Поскольку положение в дореволюционной России тенденциозно искажено, в этих поездках моего деда могут усмотреть нечто «не типичное». Но в ценном исследовании демографа Р. И. Сифман (написанном ею еще в начале 1930-х годов, но опубликованном только в 1977-м в содержательном сборнике «Брачность, рождаемость и смертность в России и в СССР») показано, что граждане России в течение 1897–1913 годов выезжали за границу около 83 миллионов (!) раз, – что не означает, понятно, невероятно громадного количества заграничных путешественников (напомню о численности российского населения: в 1897 году – 125,6 млн., в 1913 – 165,7 млн.), ибо многие люди за эти 17 лет отправлялись за рубеж неоднократно, или даже многократно. Но все же речь идет о десятках миллионов, побывавших за рубежом. Поистине стремительное развитие России ярко выразилось в том, что если в 1897 году заграничные путешествия совершили 1,5 млн. человек, то в 1913-м уже 9 млн. человек – то есть в шесть раз больше!{3} Мой дед и путешествовал незадолго до Первой мировой войны в этом мощном потоке.
А в 1914 году Федора Яковлевича назначили начальником «Юсуповского лазарета для раненых воинов» на Литейном проспекте, созданного по инициативе и на средства уже упомянутого князя Феликса Юсупова. Федор Яковлевич, естественно, не раз встречался в лазарете и с князем, и с его супругой – племянницей (и вместе с тем троюродной сестрой) Николая II, которая избежала участи многих других Романовых, так как в 1917 году находилась вместе с мужем в Крыму.
Отец мой по воле деда учился в Анненшуле{4} на Кирочной улице – учебном заведении, где преподавание велось частично на немецком языке. Правда, в разгар войны многие преподаватели (в основном австрийского происхождения) были объявлены вражескими агентами, Анненшуле закрылась, и отец мой доучивался в 3-й Петроградской гимназии, учеником которой после революции – ввиду закрытия Александровского (бывшего Царскосельского) лицея – оказался и сын именитого сенатора и гофмейстера, в будущем известный своими мемуарами «На чужбине» Л. Д. Любимов; он после долгой эмиграции (с 1919 года) вернулся на родину и в середине 1950-х годов возобновил приятельские отношения с моим отцом. Общение с Львом Дмитриевичем было весьма интересным, но это – особый разговор.

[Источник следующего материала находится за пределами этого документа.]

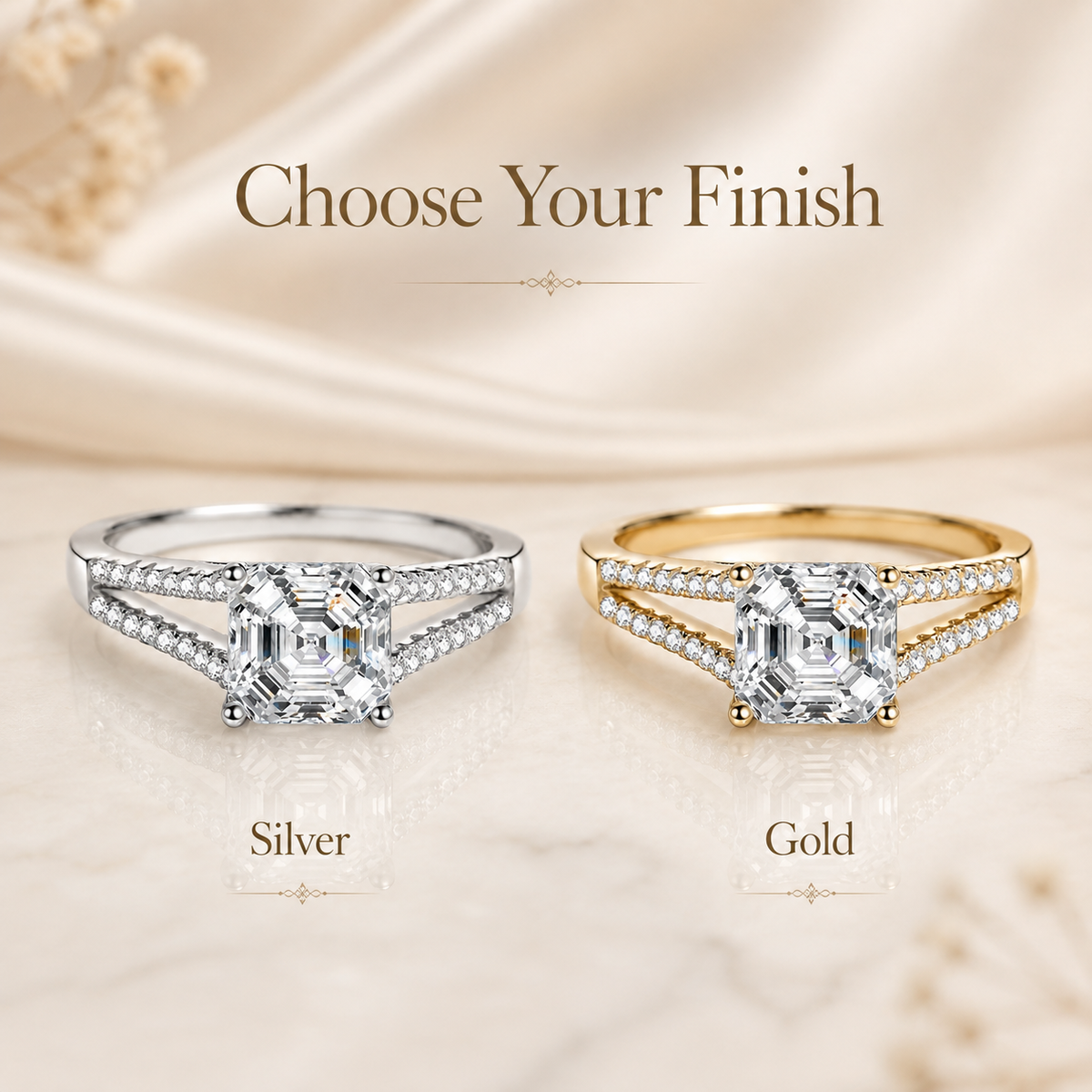 Asscher Cut Moissanite Split-Band Engagement Ring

Мой дед по отцовской линии – в отличие от В. А. Пузицкого – не имел никакого отношения к «идеологии», и потому после 1917-го просто продолжал свою работу. Он погиб на лекарском посту во время очередной вспышки эпидемии тифа в 1922 году. Отец мой тогда учился в Московском высшем техническом училище (это, основанное еще в 1830 году, учебное заведение не так давно некие не очень культурные люди переименовали ради престижности в «университет», не понимая, что известное всей стране и за рубежом старинное обозначение «училище» гораздо почтеннее), окончив которое стал незаурядным инженером.
Подобно своему отцу Федору Яковлевичу, он явно стремился быть прежде всего или даже только «профессионалом», – в частности, не принимал никакого участия в различных студенческих волнениях 1920-х годов, а их было тогда немало – и самого правого и самого левого толка. Учившийся одновременно с моим отцом в МВТУ Г. М. Маленков в 1924 году начал свою партийную карьеру именно борьбой с троцкистами «внутри» училища.

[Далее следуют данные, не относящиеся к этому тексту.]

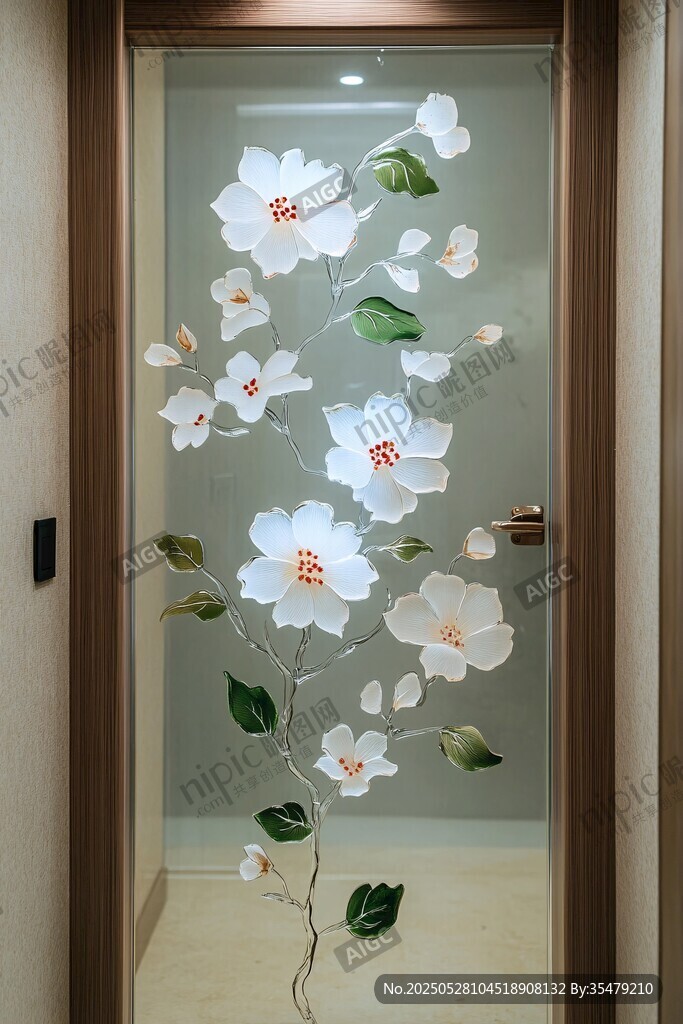 花朵装饰的精致玻璃门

И до конца своих дней (он умер в 1975 году) Валериан Федорович, если заходила речь о политических и идеологических проблемах, только в редчайших случаях мог – в присутствии самых близких людей – высказать нечто не соответствующее диктуемой в данный момент «официальной» точке зрения. Ясно помню (хотя мне было тогда всего 9 лет) спор Валериана Федоровича о пакте СССР и Германии 1939 года с одним из братьев его жены – Владимиром Васильевичем Пузицким, который – что было для того времени весьма дерзким – полностью отрицал какое-либо миролюбие Гитлера.

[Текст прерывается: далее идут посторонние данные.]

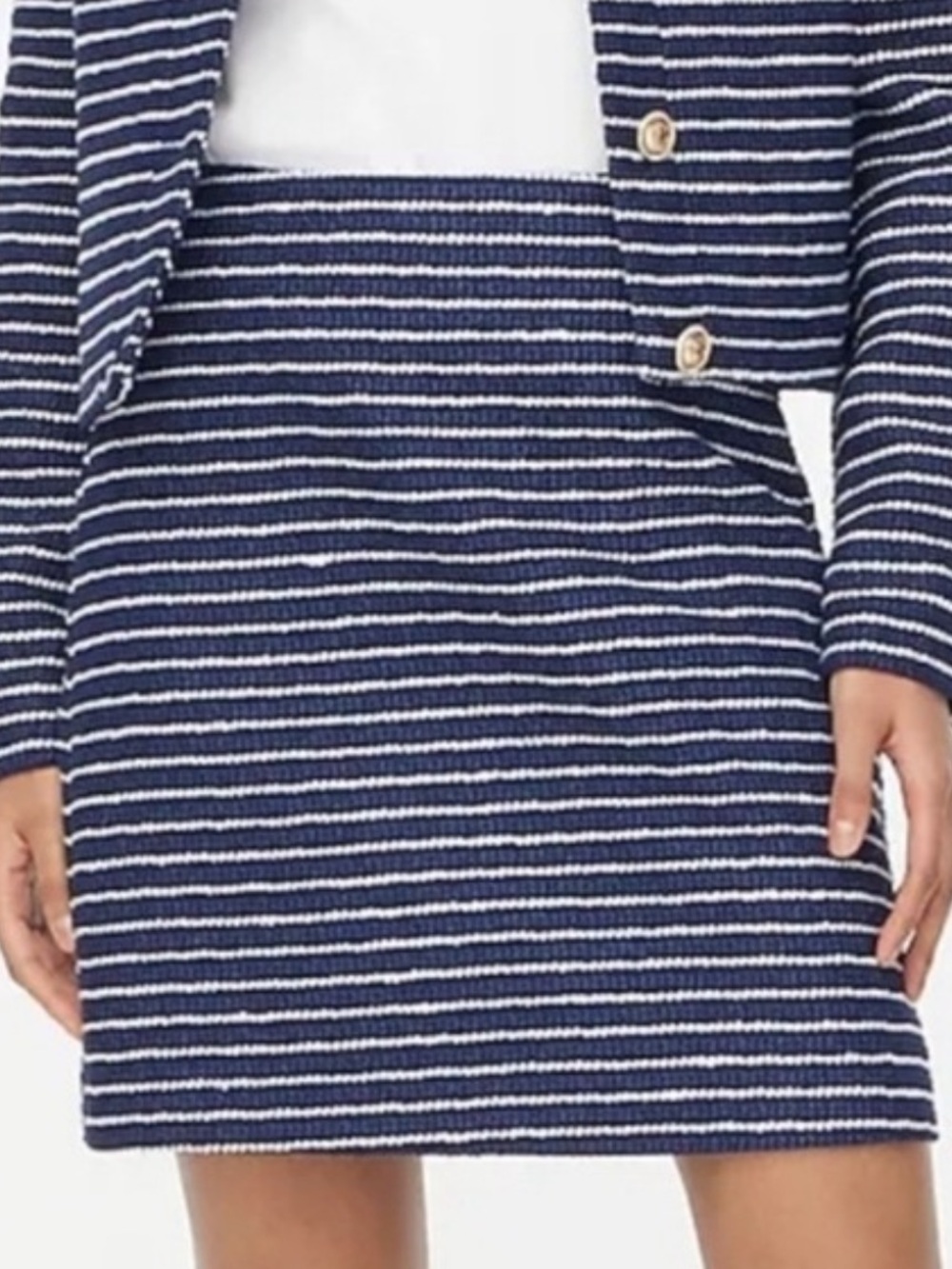 J. Crew Navy, Black ,& White Striped Tweed Size 12 Mini Skirt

Сейчас господствует представление, что люди, не противоречившие официальной государственной линии, – презренные приспособленцы, а те, кто позволял себе критику (пусть даже в своем узком кругу), – заслуживающие уважения самостоятельные личности. Однако жизнь сложнее любых моралистических схем. Во-первых, никакая страна не может существовать, если все ее граждане (да и хотя бы преобладающее их большинство) отрицают политику государства. Во-вторых, критические настроения и разговоры – это одно, а реальное жизненное поведение людей – совсем другое. Можно бы привести множество фактов, доказывающих, что конформист Валериан Федорович не был – в своем реальном бытии – в большей степени приспособленцем, чем споривший с ним Владимир Васильевич (скорее даже наоборот…). Так, в последнее время то и дело публикуются сведения о том, что люди, имеющие репутацию «диссидентов», вместе с тем являлись негласными сотрудниками «органов безопасности»…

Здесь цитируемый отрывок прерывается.